Cybersecurity researchers sharede information about a scam to cryptocurrency trading which attacks iPhone users via popular dating platforms such as Bumble and Tinder.
Named CryptRom by researchers at Sophos , l 'scam initially targeting people in Asia, and now attacking users in the US and Europe too.
A Bitcoin wallet belonging to attackers reveals that the actors of the threat hit nearly $ 1.4 millions in cryptos from the scam. TechRadar needs you!
We take a look at how our readers are using VPNs with streaming sites like Netflix so that we can improve our content and offer better advice. This survey will take no more than 60 seconds of your time, and we would be very grateful if you could share your experiences with us.
>> Click here to start the survey in a new window <
"The CryptoRom scam relies heavily on social engineering at almost every stage, ”said Jagadeesh Chandraiah, senior threat researcher at Sophos, adding that the new scam has the potential to do much more damage. than simply stealing cryptos.
Gateway to Scams
To unravel the scam, Sophos says threat actors start by posting fake profiles on legitimate dating sites to lure victims.
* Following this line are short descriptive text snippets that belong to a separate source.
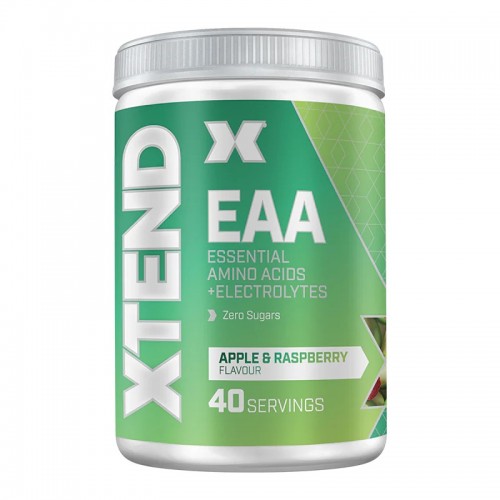 Xtend EAA - 40 servings - Amino Acids & BCAA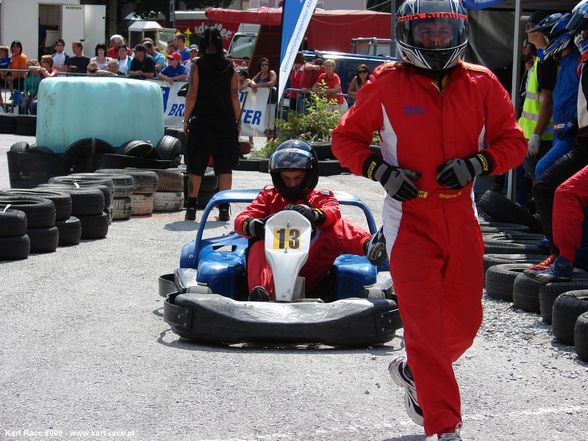 "Kart foan" - 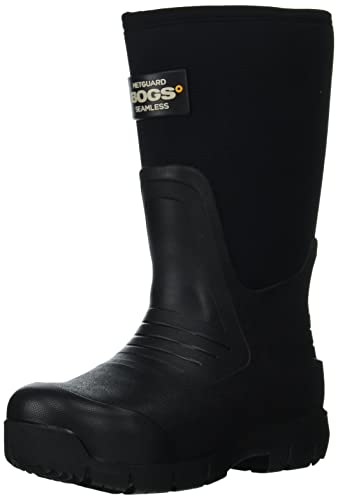 BOGS Men's Stockman Ii Ct Metguard Ankle Boot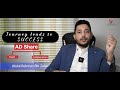Ad share marketing solution team work journey lead to success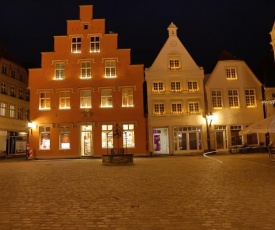 Markthotel Warendorf
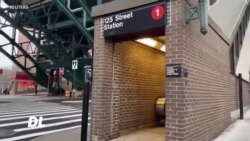 Katazo la kutoka nje laanza kuuma jijini New York
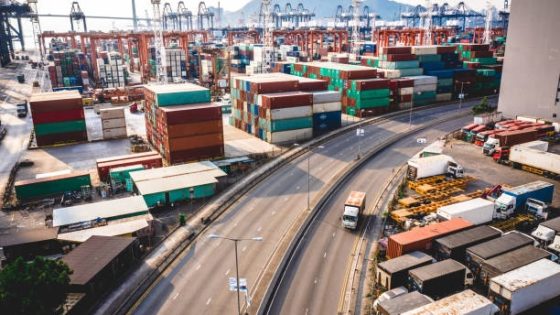 road DDP shipping service cover image
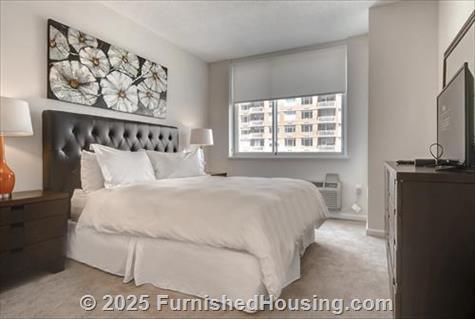 BLVD 401 - Hi-Rise - 401 Washington Boulevard, Jersey City, NJ  07310 - LG - 8242624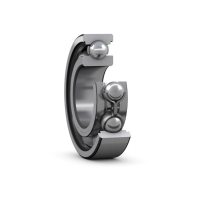 SKF Rillenkugellager 6013/C3
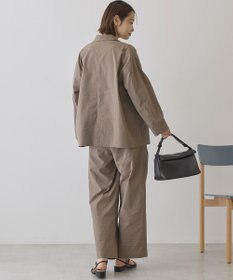 AMERICAN HOLIC サッカーワイドパンツ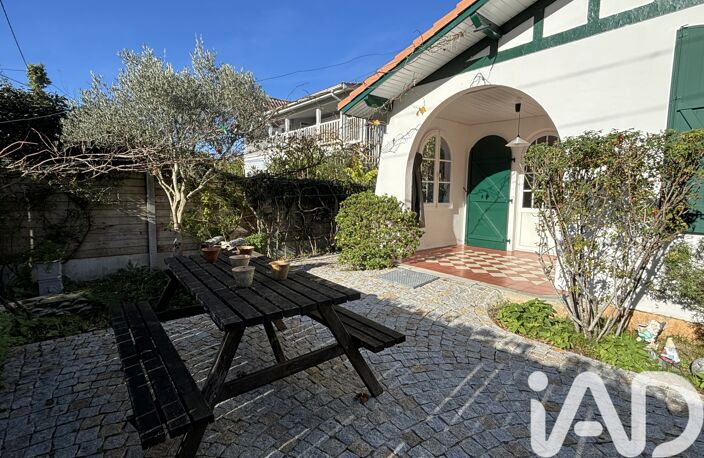 Vente Maison/villa 5 pièces — photo 5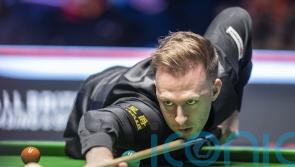 Judd Trump sees off John Higgins in UK Championship last-frame decider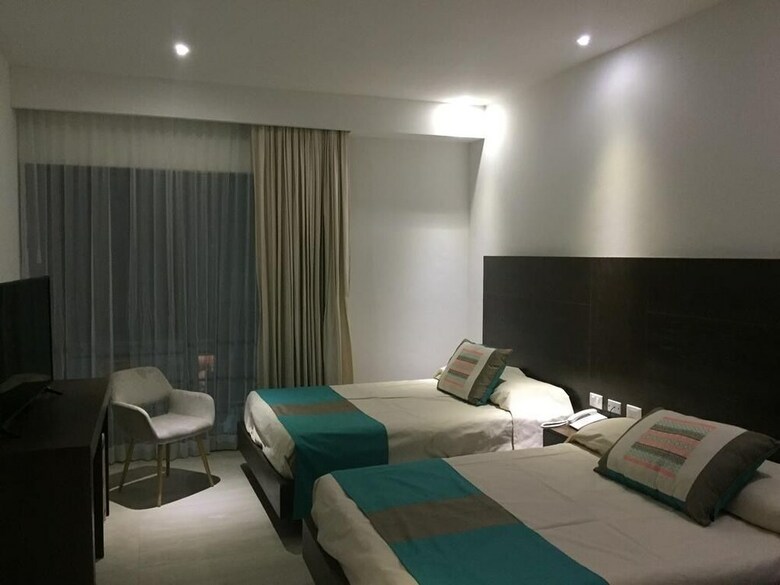 Portea Hotel Playa Del Carmen 5th Ave Midtown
Baited, the victims are then persuaded to install and invest in a fake cryptocurrency trading app.
"At first the returns seem very good but if thevictim asks for his or her money or tries to access the funds, they are refused and the money is lost, ”the researchers share.
The threats are not limited to lost cryptos, however. . Sophos notes that threat authors use Apple 's corporate signing mechanism to install applications directly on the target iOS devices bypassing the App Store .
The corporate signature is designed to be used by iOS developers to activate the developers application to test the iOS apps before submitting them to the official Apple App Store for review and approval.
“Until recently, criminal operators distributedMainly fake crypto apps through fake websites that look like a trusted bank or the Apple App Store. The addition of the iOS business development system introduces additional risk for victims, as they could give attackers rights to their device and the ability to steal their personal data, ”said Jagadeesh Chandraiah, senior researcher on threats at Sophos.
Sophos believes that the threat makers are using the bogus cryptocurrency trading app to gain remote management control over their victims' devices, exposing them to all kinds of malicious campaigns.